If you want to view it like that, then if the Hamiltonian is explicitly independent of time, then it just comes from equality of mixed partials.

$$\dot{H}=\frac{\partial H}{\partial q}\dot{q}+\frac{\partial H}{\partial p}\dot{p} = \frac{\partial H}{\partial q} \left(\frac{\partial H}{\partial p}\right)+ \frac{\partial H}{\partial p}\left(-\frac{\partial H}{\partial q}\right) =0$$

 

[komodekork]

If you want to view it like that, then if the Hamiltonian is explicitly independent of time, then it just comes from equality of mixed partials.

I don't understand what you mean, could you please explain?

 

[RedX]

I don't understand what you mean, could you please explain?

oops, you're right. it's not equality of mixed partials, but comes from Hamilton's equations.

so take H=.5(p²+q²)

Then dH/dp=p and dH/dq=q
But p^.=-q and q^.=p

So H^.=p(-q)+q(p)=0

 

[komodekork]

Hm...
I don't know if I see what you are getting at. I'm not sure if you are telling me that what you did is right or wrong.

Should it be $$\frac{d}{dt}(H) = m ( \dot{Q} \ddot{Q} - \omega^2 Q \dot{Q} )$$

or just

$$\frac{d}{dt}(H) = 0$$

 

[RedX]

Hm...
I don't know if I see what you are getting at. I'm not sure if you are telling me that what you did is right or wrong.

Should it be $$\frac{d}{dt}(H) = m ( \dot{Q} \ddot{Q} - \omega^2 Q \dot{Q} )$$

or just

$$\frac{d}{dt}(H) = 0$$

oops, sorry. First of all, your Hamiltonian doesn't represent an oscillator. If it does, then the second term should be + rather than -:
$$H = \frac{m}{2} (\dot{Q}^2 + \omega^2 Q^2 )$$

So as you say: $$\frac{d}{dt}(H) = m ( \dot{Q} \ddot{Q} + \omega^2 Q \dot{Q} )$$

Now from the equations of motion of an oscillator, $$\ddot{Q}=-\omega^2 Q$$. PLugging that in should get you zero.

 

[komodekork]

I don't know what my Hamilton represents. I may have done something wrong.
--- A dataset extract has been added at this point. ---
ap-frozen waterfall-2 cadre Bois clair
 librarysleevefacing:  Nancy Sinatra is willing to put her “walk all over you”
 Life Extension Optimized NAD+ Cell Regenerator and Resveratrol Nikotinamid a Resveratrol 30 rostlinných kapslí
I all i got is this lagrangian $$L = \frac{m}{2} (\dot{q}^2 sin^2(\omega t) + \dot{q} q \omega sin(2\omega t) + \omega^2 q^2)$$
and this new coordinate $$Q = q sin(\omega t)$$

after this substitution i get $$L = \frac{m}{2} (\dot{Q}^2 + \omega^2 Q^2)$$

then i make the Hamiltonian $$H = p\dot{Q} - L$$

and get $$H = \frac{m}{2}(\dot{Q}^2 - \omega^2 Q^2)$$



Then the question is, is the Hamiltonian constant?

Thanks for helping me out btw.

 

[komodekork]

But forget all of that, just in a genreal case,
if $$H=H( \dot{q},q)$$ is it constant just because it's not $$H=H(p,q,t)$$?
Or because it cancels out?

 

[qbert]

you need to write your Hamiltonian in terms of p and q not in terms of q and q-dot,
and THEN if time doesn't appear explicitly it's conserved.

 

[RedX]

I don't know what my Hamilton represents. I may have done something wrong.

I all i got is this lagrangian $$L = \frac{m}{2} (\dot{q}^2 sin^2(\omega t) + \dot{q} q \omega sin(2\omega t) + \omega^2 q^2)$$
and this new coordinate $$Q = q sin(\omega t)$$

after this substitution i get $$L = \frac{m}{2} (\dot{Q}^2 + \omega^2 Q^2)$$

then i make the Hamiltonian $$H = p\dot{Q} - L$$

and get $$H = \frac{m}{2}(\dot{Q}^2 - \omega^2 Q^2)$$



Then the question is, is the Hamiltonian constant?

Thanks for helping me out btw.

Can't you just plug in $$Q = q sin(\omega t)$$ into your Hamiltonian $$H = \frac{m}{2}(\dot{Q}^2 - \omega^2 Q^2)$$, and see if the time-dependence vanishes?